1) Religion is about what you know. Love is about what you do.
2) Religion is reasonable and it doesn’t cost much. Love is full of interruptions and it’s costly.
3) Religion is about justifying oneself. Love is demonstrated by showing mercy to another.
29 But he wanted to justify himself, so he asked Jesus, “And who is my neighbor?”
This expert in the law knew the right answer. But that wasn’t enough. He wanted to justify HIMSELF. For the expert in the law, religion was a way of serving himself so that at the end of the day, he could sleep at night knowing that he was a good, moral person on his own effort. Let me narrowly define who my neighbor is so that I can check it off my spiritual To Do list. At the core, religion is self-focused.
In contrast, love is not self-focused, but it is focused on the needs of the other. At the end of the parable, Jesus turns the table again and asks the expert in the law, in v36 —
36 “Which of these three do you think was a neighbor to the man who fell into the hands of robbers?” 37 The expert in the law replied, “The one who had mercy on him.” Jesus told him, “Go and do likewise.”
It’s interesting that in a parable about a Good Samaritan who acts out love for a neighbor, the answer that this expert gives to describe the actions of the Good Samaritan is to say, he was a neighbor BECAUSE why? He was a neighbor because he showed mercy. This expert in the law recognized that what this Good Samaritan did was not humanly possible. It is outside the boundaries of man-made religion. He is onto something. This is not just love according to our normal categories of love. In Matthew 5:43-47, Jesus, in the Sermon on the Mount, speaks about love for one’s enemies.

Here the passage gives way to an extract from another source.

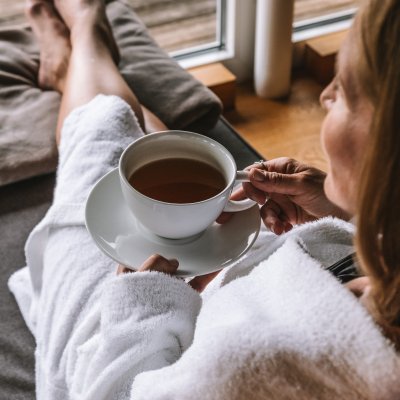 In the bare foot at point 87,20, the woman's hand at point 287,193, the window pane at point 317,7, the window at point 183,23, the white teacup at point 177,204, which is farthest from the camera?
the window pane at point 317,7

He notes several notions of love that fall below the biblical definition of love. He says, if you love those who love you, what reward will you get? If you greet only your brothers, whom you like and who like you in return, can we call that love? Even pagans can love in this way. That’s well within human ability. Loving those close to us doesn’t require any self-denial or dying to self. It comes naturally. However, love described in the Good Samaritan parable is another thing altogether.
The Good Samaritan had nothing to do with this half dead man. So instead of calling it love, he says, this is an example of mercy. This leads to my final point.
4) Religion is man-made. Love, on the other hand, is Spirit-generated or divine in origin.
Religion is man-made. Therefore it is within my human ability and my efforts. And because religion is man-made, it cannot save you. In fact, sadly, religion is often one of the greatest obstacles to a genuine encounter with Christ leading to salvation. Consider the Jewish religious leaders and the Pharisees of Jesus’ day.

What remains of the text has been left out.